Indeed, the same embittered cops peddling this stuff had previously been happy enough to identify Dominic as his father’s
son during more troubled times. In his teens and student years, he had threatened to go seriously off the rails, reputedly
due to his stormy relationship with Wilson
père.
There had been problems with drink and hard drugs, resulting in several arrests.

They might also have resulted in a few convictions and more than a few lurid headlines had it not been for surprising levels
of compassion and discretion on the part of certain senior police officers. At the time, Catherine was a shade resentful of
a poor little rich kid being indulged, wondering how often such understanding was extended to those from less esteemed backgrounds.
However, she would have had to concede that being the only child of a phenomenally successful but slightly strange and unquestionably
workaholic individual such as Ruaraidh Wilson QC must have brought its own difficulties.

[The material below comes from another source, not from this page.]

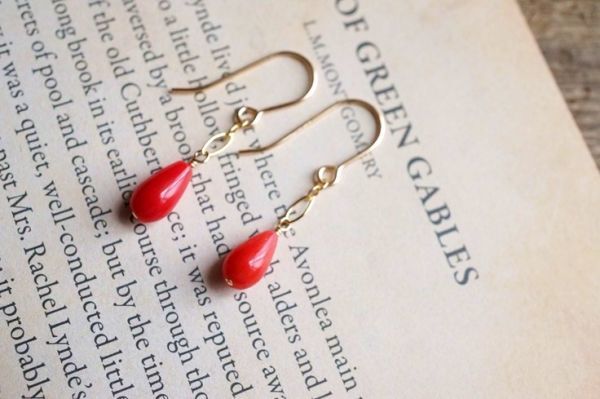 K14GF earrings 2218 red color ..3 month. birthstone natural stone * Power Stone earrings 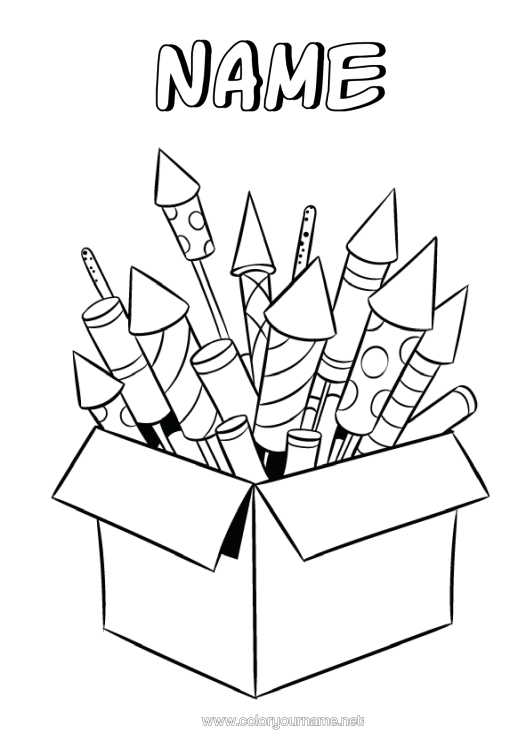 Colouring page to print Happy New Year Firework Chinese New Year 4Th Of July 14Th July National Holiday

In time, she came to respect her senior officers for it. They could easily have used his son’s difficulties to embarrass and
undermine Wilson, or even just for plain old payback, but they didn’t, and when Catherine thought about why, she came to understand
that, like it or not, they were all part of the same process.

People would ask how Ruaraidh Wilson could possibly defend certain individuals, and the methods by which he did so were often
so infuriating that they could start to comprise a strong argument for vigilantism. However, as a cop, he made you raise your
game. If you got a conviction against him after he had worked his voodoo, you were not going to lose one wink of sleep dwelling
on the possibility that you didn’t get the right man. Thus a lawyer like Wilson was crucial to ensuring that justice was done.
At least that was what Catherine kept telling herself: it was what sometimes stopped her getting out of bed, driving across
town and burning down his house in the middle of the night.